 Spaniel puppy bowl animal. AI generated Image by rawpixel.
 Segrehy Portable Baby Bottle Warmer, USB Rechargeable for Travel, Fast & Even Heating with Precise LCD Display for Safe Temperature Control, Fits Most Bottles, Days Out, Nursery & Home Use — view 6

* * * *

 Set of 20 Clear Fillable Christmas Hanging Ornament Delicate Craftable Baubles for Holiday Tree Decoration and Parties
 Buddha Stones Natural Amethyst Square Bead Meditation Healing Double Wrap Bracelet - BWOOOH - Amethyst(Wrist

* * * *

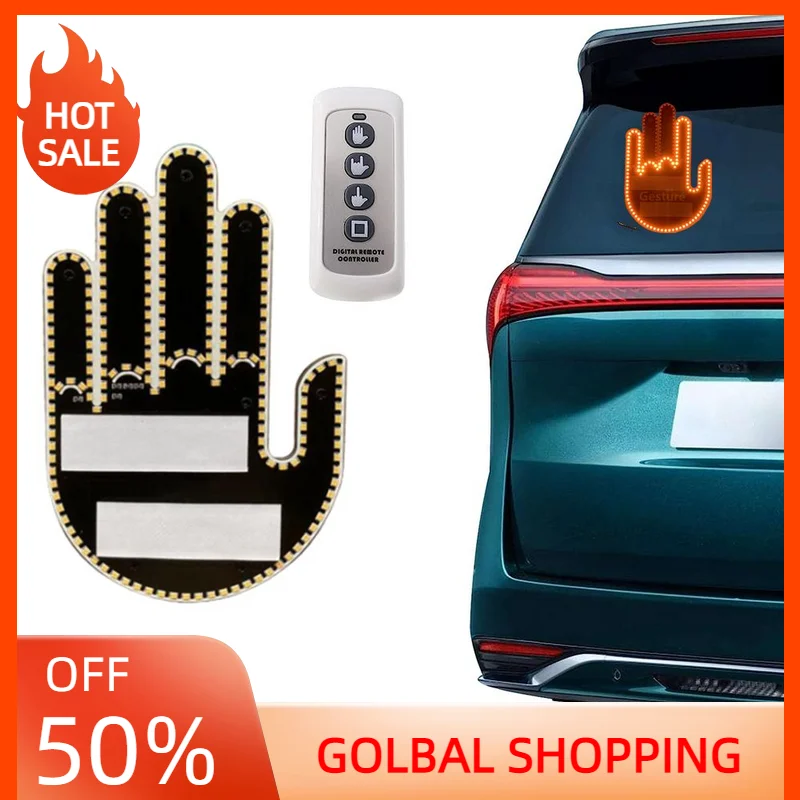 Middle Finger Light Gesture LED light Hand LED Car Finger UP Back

* * * *

● Work instructions
Retype exactly the span of lines from the one with "Set of 20 Clear" through the one with "Buddha Stones Natural"; include both ends and omit the rest of the material.

● Your response
 Set of 20 Clear Fillable Christmas Hanging Ornament Delicate Craftable Baubles for Holiday Tree Decoration and Parties
 Buddha Stones Natural Amethyst Square Bead Meditation Healing Double Wrap Bracelet - BWOOOH - Amethyst(Wrist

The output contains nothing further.